From the same fundamental equivalence, we can deduce
several paradoxical formulas:
\begin{displaymath}
\tag*{1.} a < (b < a), \qquad a' < (a < b).
\end{displaymath}
``If $a$ is true, $a$ is implied by any proposition $b$; if $a$ is
false, $a$ implies any proposition $b$''. This agrees with the
known properties of~0 and~1.
\begin{displaymath}
\tag*{2.} a < [(a < b) < b], \qquad a' < [(b < a) < b'].
\end{displaymath}
``If $a$ is true, then '$a$ implies $b$' implies $b$; if $a$ is false,
then '$b$ implies $a$' implies not-$b$.''
These two formulas are other forms of hypothetical reasoning
(\emph{modus ponens} and \emph{modus tollens}).
\begin{displaymath}
\tag*{3.} [(a < b) < a] = a,%
\footnote{This formula is \author{}{Bertrand Russell's} ``principle of reduction''.
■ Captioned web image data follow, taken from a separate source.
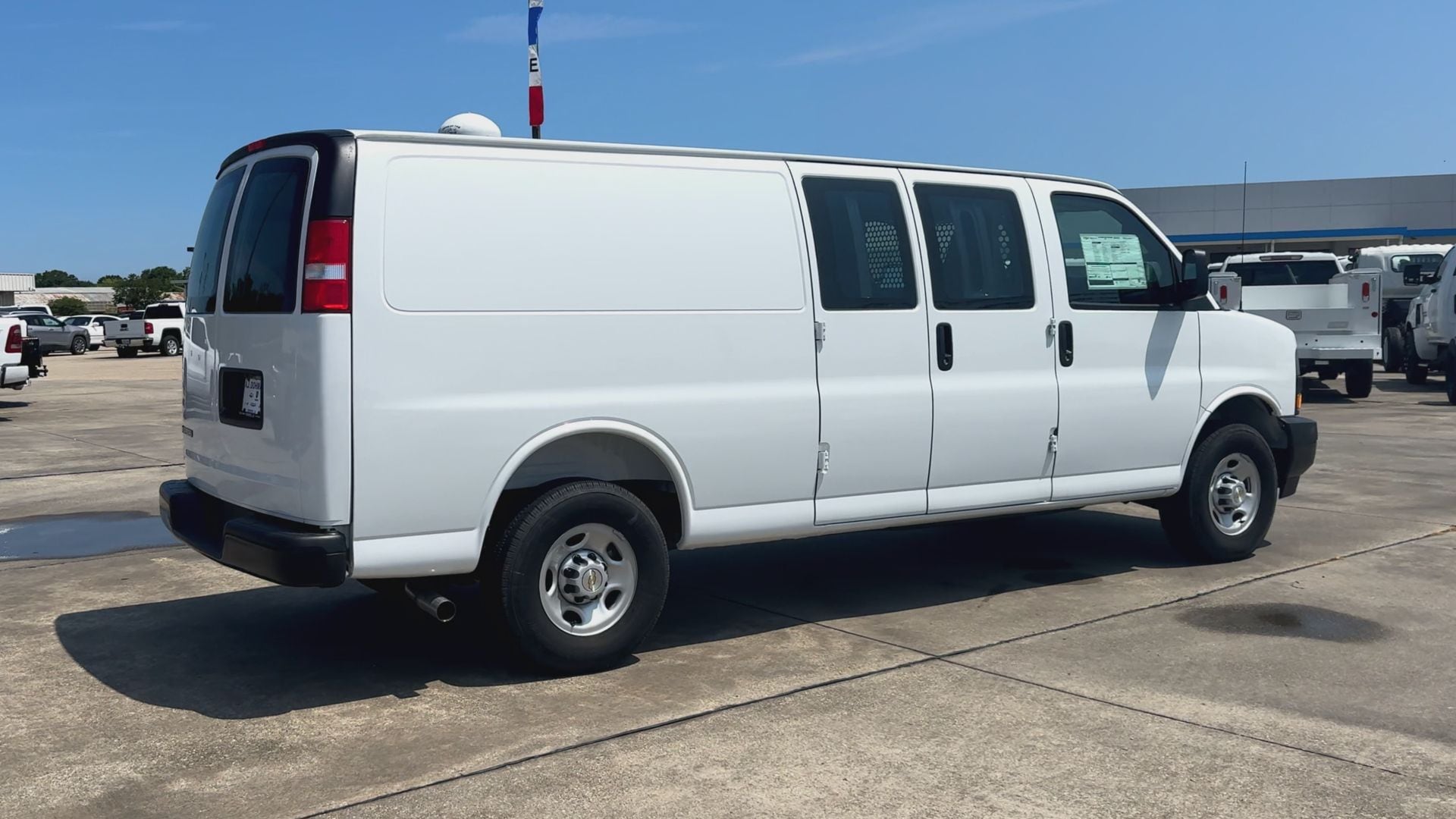 2025 Chevrolet Express Cargo Work Van - Photo 58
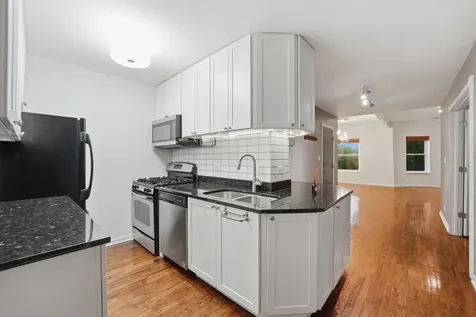 1030 West Byron Street Chicago IL 60613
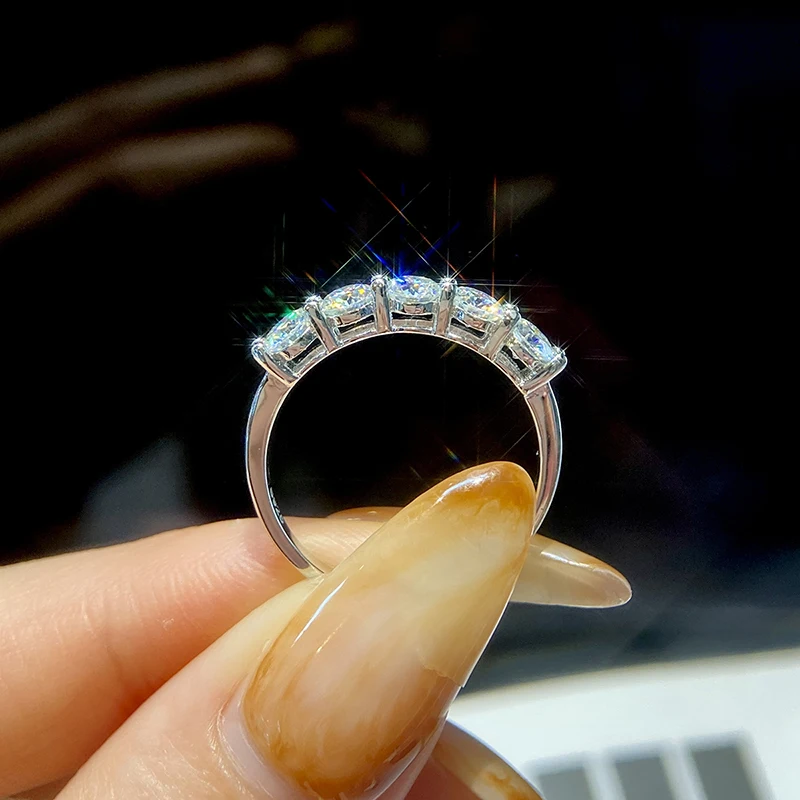 Thumbnail 2 - #16 Moissanites Comparison Guide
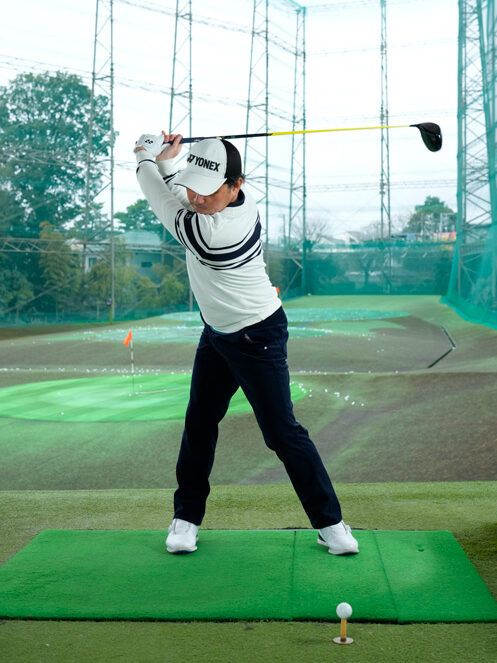 トップでいちばん大切なのは目線！ 体が回らない人は右足を引こう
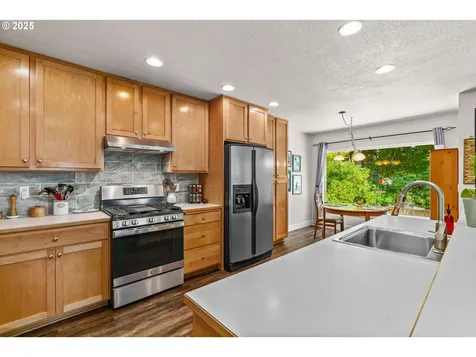 3743 Julia Loop Eugene OR 97404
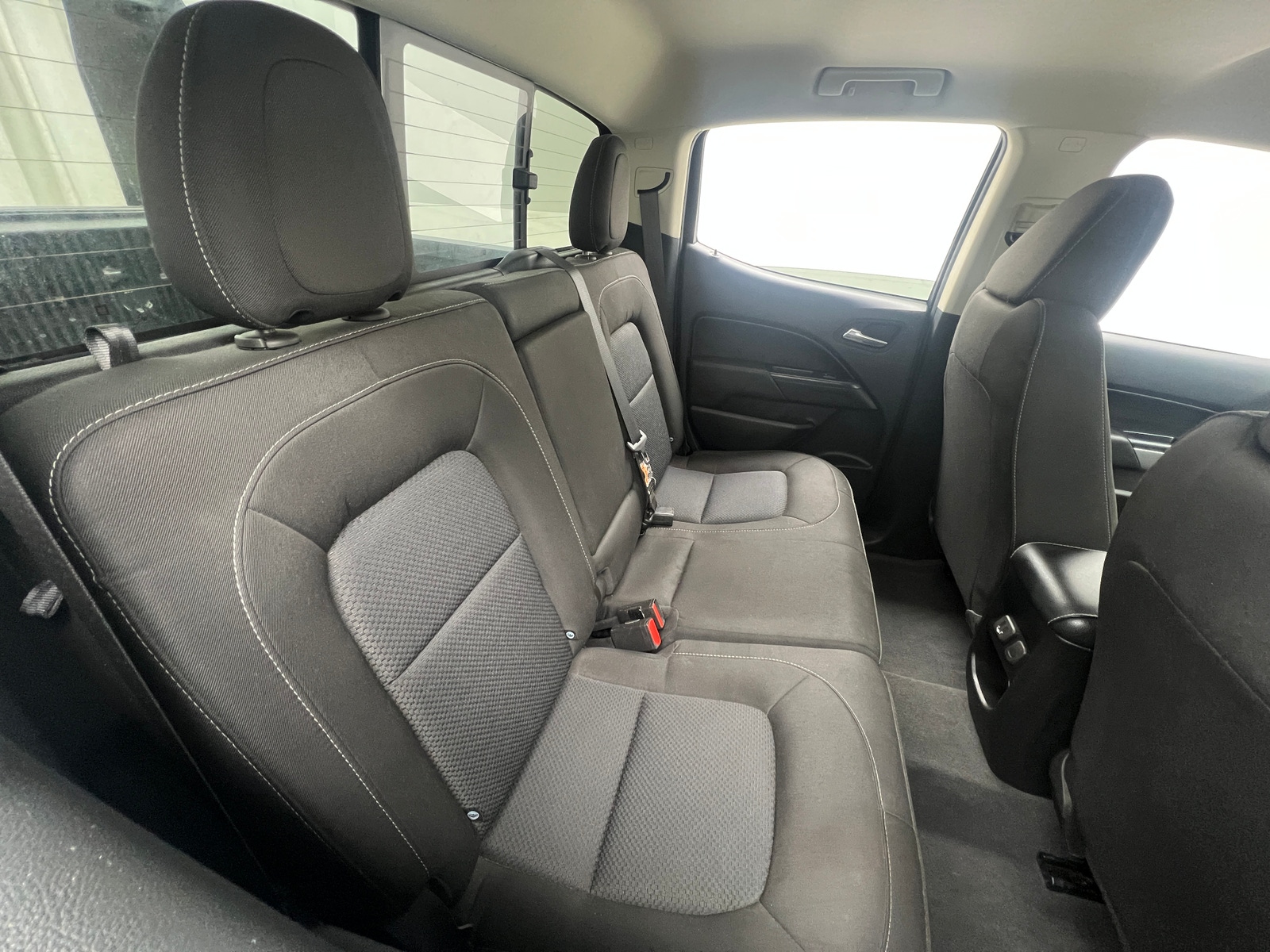 Thumbnail: 2022 Chevrolet Colorado - 6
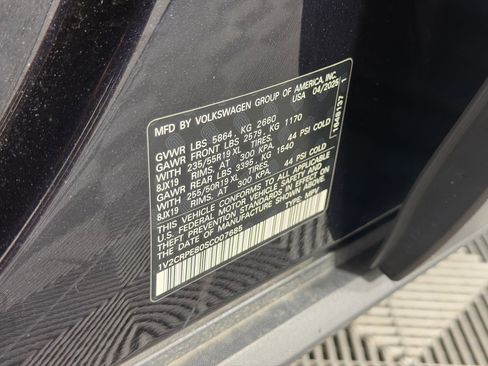 Used 2025 Volkswagen ID.4 Pro image 18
See \emph{The Principles of Mathematics}, Vol. I, p.~17 (Cambridge, 1903).}
\qquad [(b < a) < a'] = a',
\end{displaymath}
``To say that, if $a$ implies $b$, $a$ is true, is the same as affirming
$a$; to say that, if $b$ implies $a$, $a$ is false, is the same as
denying $a$''.
\emph{Demonstration:}
\begin{align*}
[(a < b) < a] &= (a' + b < a) = ab' + a = a, \\
[(b < a) < a'] &= (b' + a < a') = a'b + a' = a'.
\end{align*}
In formulas (1) and (3), in which $b$ is any term at all,
we might introduce the sign $\prod$ with respect to $b$. In the
following formula, it becomes necessary to make use of this
sign.
\begin{displaymath}
\tag*{4.} \prod_{x} \left\{[a < (b < x)] < x \right\} = ab.
\end{displaymath}
\emph{Demonstration:}
\begin{align*}
\left\{[a < (b < x)] < x \right\} &= \left\{[a' + (b < x)] < x \right\} \\
&= [(a' + b' + x) < x] = abx' + x = ab + x.
\end{align*}
We must now form the product $\prod_{x}(ab + x)$, where $x$
can assume every value, including 0 and 1. Now, it is
clear that the part common to all the terms of the form
$(ab + x)$ can only be $ab$. For, (1) $ab$ is contained in each
of the sums $(ab + x)$ and therefore in the part common to
all; (2) the part common to all the sums $(ab + x)$ must be
contained in $(ab + 0)$, that is, in $ab$. Hence this common
part is equal to $ab$,%
\footnote{This argument is general and from it we can deduce the formula
\begin{displaymath}
\prod_{x}(a + x) = a,
\end{displaymath}
whence may be derived the correlative formula
\begin{displaymath}
\sum_{x} ax = a.
\end{displaymath}
} which proved the theorem.
\section{Reduction of Inequalities to Equalities}\label{ch:59}
As we
have said, the principle of assertion enables us to reduce
inequalities to equalities by means of the following formulas:
\begin{gather*}
(a \neq 0) = (a = 1), \qquad (a \neq 1) = (a = 0), \\
(a \neq b) = (a = b').
\end{gather*}
For,
\begin{displaymath}
(a \neq b) = (ab' + a'b + 0) = (ab' + ab' = 1) = (a = b').
\end{displaymath}
Consequently, we have the paradoxical formula
\begin{displaymath}
(a \neq b) = (a = b').
\end{displaymath}
This is easily understood, for, whatever the proposition~$b$,
either it is true and its negative is false, or it is false and
its negative is true. Now, whatever the proposition~$a$ may
be, it is true or false; hence it is necessarily equal either to
$b$ or to $b'$. Thus to deny an equality (between propositions)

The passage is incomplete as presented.